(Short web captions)
┏━━

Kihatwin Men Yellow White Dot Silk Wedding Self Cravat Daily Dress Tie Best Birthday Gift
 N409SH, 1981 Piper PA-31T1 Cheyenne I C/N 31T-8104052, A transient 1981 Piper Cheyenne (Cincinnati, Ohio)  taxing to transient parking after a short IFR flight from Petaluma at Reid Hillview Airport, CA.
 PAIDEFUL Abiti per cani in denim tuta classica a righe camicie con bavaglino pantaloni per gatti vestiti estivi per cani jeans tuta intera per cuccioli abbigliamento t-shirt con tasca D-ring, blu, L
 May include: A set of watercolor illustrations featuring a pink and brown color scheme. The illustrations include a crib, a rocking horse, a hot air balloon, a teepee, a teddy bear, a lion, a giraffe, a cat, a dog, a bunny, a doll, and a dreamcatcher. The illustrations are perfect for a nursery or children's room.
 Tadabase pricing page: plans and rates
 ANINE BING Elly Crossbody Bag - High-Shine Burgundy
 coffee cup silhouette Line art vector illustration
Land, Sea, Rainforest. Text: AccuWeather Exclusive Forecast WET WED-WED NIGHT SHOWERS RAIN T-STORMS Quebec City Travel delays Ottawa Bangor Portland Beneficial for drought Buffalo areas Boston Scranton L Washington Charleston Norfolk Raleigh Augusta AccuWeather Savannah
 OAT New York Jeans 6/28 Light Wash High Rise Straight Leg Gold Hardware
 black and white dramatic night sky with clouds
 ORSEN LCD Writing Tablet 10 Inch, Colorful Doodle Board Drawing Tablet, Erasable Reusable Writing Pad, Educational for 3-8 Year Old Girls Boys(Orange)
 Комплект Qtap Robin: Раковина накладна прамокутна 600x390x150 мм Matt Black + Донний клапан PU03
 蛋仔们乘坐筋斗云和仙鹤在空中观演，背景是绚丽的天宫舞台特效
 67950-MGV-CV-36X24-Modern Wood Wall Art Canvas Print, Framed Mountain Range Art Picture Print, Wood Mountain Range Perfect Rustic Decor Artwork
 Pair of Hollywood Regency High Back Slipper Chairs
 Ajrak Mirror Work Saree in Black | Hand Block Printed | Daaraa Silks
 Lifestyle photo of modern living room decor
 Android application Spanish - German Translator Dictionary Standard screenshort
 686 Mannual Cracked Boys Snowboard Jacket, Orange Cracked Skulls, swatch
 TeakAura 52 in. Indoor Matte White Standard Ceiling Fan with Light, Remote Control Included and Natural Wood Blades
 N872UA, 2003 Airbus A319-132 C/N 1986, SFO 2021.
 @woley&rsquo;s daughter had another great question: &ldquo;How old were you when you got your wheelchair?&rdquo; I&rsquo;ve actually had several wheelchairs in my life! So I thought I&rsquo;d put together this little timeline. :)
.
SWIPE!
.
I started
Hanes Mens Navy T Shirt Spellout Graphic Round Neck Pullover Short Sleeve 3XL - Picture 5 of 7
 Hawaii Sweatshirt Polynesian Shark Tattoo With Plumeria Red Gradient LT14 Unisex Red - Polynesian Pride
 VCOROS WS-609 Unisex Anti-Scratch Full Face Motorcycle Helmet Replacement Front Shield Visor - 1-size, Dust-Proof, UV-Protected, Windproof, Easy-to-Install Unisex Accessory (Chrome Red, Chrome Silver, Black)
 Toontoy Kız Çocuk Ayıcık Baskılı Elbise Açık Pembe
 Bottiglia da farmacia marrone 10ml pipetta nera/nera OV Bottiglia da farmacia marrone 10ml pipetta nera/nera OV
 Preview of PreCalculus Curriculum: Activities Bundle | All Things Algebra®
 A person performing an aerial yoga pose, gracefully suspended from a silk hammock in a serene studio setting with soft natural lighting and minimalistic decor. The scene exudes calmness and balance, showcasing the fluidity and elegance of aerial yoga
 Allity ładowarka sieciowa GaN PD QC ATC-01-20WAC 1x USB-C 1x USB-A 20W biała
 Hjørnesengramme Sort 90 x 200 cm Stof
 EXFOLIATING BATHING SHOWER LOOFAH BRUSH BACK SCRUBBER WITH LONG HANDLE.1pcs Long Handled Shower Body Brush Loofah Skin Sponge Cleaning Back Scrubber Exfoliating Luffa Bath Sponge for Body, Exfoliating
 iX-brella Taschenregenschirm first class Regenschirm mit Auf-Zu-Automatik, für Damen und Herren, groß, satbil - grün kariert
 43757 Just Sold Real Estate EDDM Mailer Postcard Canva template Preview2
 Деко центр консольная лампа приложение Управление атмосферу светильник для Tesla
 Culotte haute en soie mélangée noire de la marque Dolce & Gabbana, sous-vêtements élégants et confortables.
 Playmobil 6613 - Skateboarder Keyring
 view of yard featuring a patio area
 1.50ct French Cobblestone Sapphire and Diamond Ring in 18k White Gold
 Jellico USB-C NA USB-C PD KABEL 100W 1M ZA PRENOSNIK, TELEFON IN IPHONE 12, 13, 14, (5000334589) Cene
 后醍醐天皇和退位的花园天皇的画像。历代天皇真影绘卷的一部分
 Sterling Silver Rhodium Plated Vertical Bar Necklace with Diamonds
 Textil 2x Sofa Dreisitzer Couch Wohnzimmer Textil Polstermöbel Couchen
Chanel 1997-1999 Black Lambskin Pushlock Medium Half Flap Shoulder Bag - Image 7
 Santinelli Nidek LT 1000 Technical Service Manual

┗━━

• **Assigned task**:
An exact copy of the data is needed, running from its first line through the line that holds "Pair of Hollywood", and nothing beyond that.

• **Expected output**:
Kihatwin Men Yellow White Dot Silk Wedding Self Cravat Daily Dress Tie Best Birthday Gift
 N409SH, 1981 Piper PA-31T1 Cheyenne I C/N 31T-8104052, A transient 1981 Piper Cheyenne (Cincinnati, Ohio)  taxing to transient parking after a short IFR flight from Petaluma at Reid Hillview Airport, CA.
 PAIDEFUL Abiti per cani in denim tuta classica a righe camicie con bavaglino pantaloni per gatti vestiti estivi per cani jeans tuta intera per cuccioli abbigliamento t-shirt con tasca D-ring, blu, L
 May include: A set of watercolor illustrations featuring a pink and brown color scheme. The illustrations include a crib, a rocking horse, a hot air balloon, a teepee, a teddy bear, a lion, a giraffe, a cat, a dog, a bunny, a doll, and a dreamcatcher. The illustrations are perfect for a nursery or children's room.
 Tadabase pricing page: plans and rates
 ANINE BING Elly Crossbody Bag - High-Shine Burgundy
 coffee cup silhouette Line art vector illustration
Land, Sea, Rainforest. Text: AccuWeather Exclusive Forecast WET WED-WED NIGHT SHOWERS RAIN T-STORMS Quebec City Travel delays Ottawa Bangor Portland Beneficial for drought Buffalo areas Boston Scranton L Washington Charleston Norfolk Raleigh Augusta AccuWeather Savannah
 OAT New York Jeans 6/28 Light Wash High Rise Straight Leg Gold Hardware
 black and white dramatic night sky with clouds
 ORSEN LCD Writing Tablet 10 Inch, Colorful Doodle Board Drawing Tablet, Erasable Reusable Writing Pad, Educational for 3-8 Year Old Girls Boys(Orange)
 Комплект Qtap Robin: Раковина накладна прамокутна 600x390x150 мм Matt Black + Донний клапан PU03
 蛋仔们乘坐筋斗云和仙鹤在空中观演，背景是绚丽的天宫舞台特效
 67950-MGV-CV-36X24-Modern Wood Wall Art Canvas Print, Framed Mountain Range Art Picture Print, Wood Mountain Range Perfect Rustic Decor Artwork
 Pair of Hollywood Regency High Back Slipper Chairs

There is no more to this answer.